Talk

How to generalize machine learning models to both canonical and non-canonical peptides

Abstract

Bioactive peptides are an important class of natural products with great functional diversity. Chemical modifications can improve their pharmacology, yet their structural diversity presents unique challenges for computational modeling. Furthermore, data for canonical peptides (non-modified) is more abundant than for non-canonical (chemically modified). We explored whether current methods are sufficient to generalize from canonical data to non-canonical datasets. To do this, we first considered two critical aspects of the modeling problem, namely choice of similarity function for guiding dataset partitioning and choice of molecular representation. Similarity-based dataset partitioning is an evaluation technique that divides the dataset into train and test subsets, such that the molecules in the test set are different from those used to fit the model. We demonstrate, across four peptide function prediction tasks, that chemical fingerprint-based similarity measures outperform traditional sequence alignment-based metrics for partitioning canonical peptide datasets, challenging standard practices. We have also found that the deep-learned embeddings from Chemical Language Models (CLMs) generally outperform chemical fingerprints and other peptide-specific pre-trained models, performing best for non-canonical peptides and second best for canonical.

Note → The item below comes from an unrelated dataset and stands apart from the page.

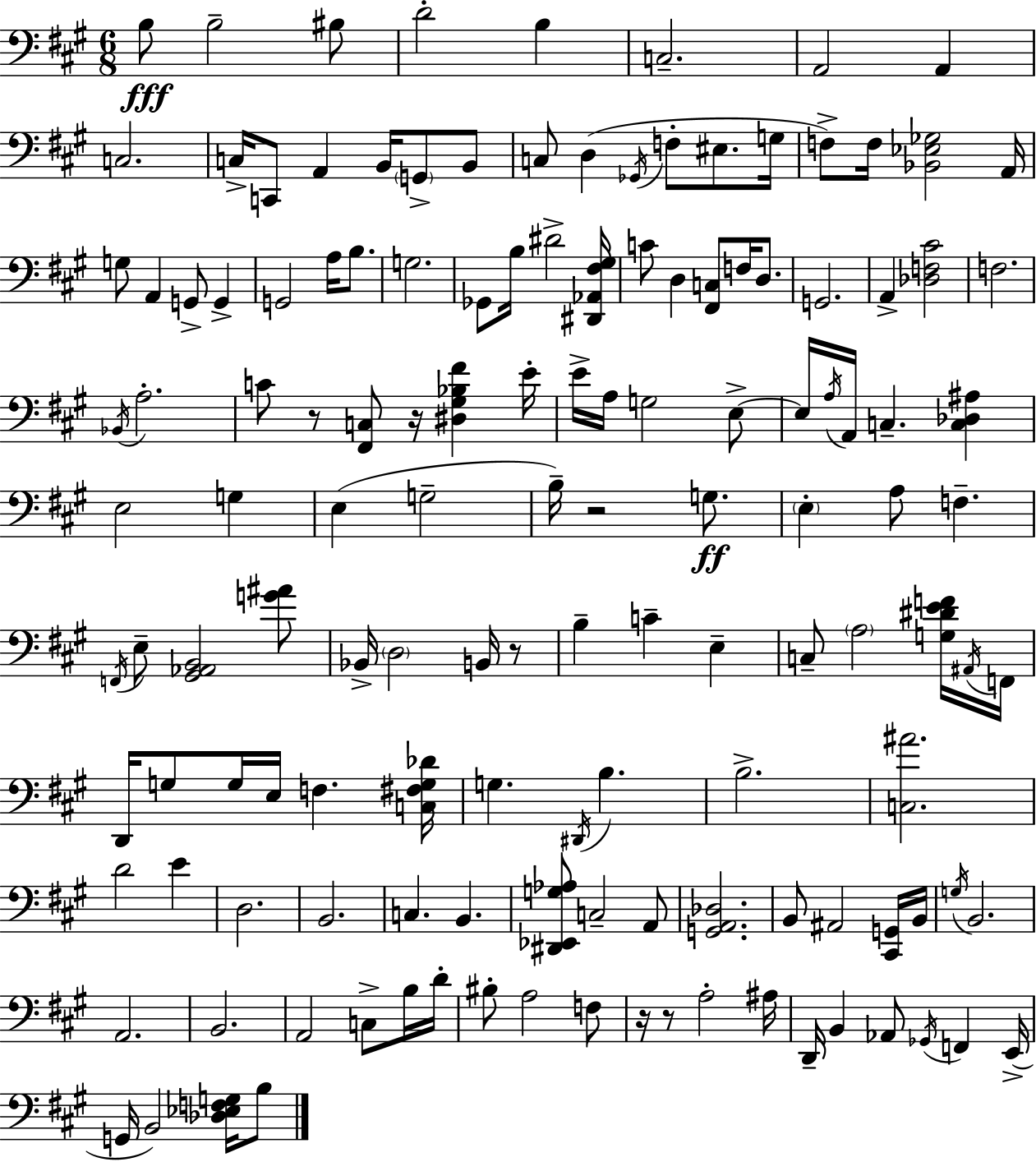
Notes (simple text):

Despite this, models trained on only one of the two peptide classes fail to properly extrapolate to the other. However, by enriching the canonical datasets with a small proportion of non-canonical peptides, we are able to build robust joint models that generalise adequately to both canonical and non-canonical data. These insights are implemented in the AutoPeptideML open-source project and webserver for automatically constructing predictive models of peptide biophysical properties. All code and data necessary for reproducing the experiments are available in Zenodo and Github.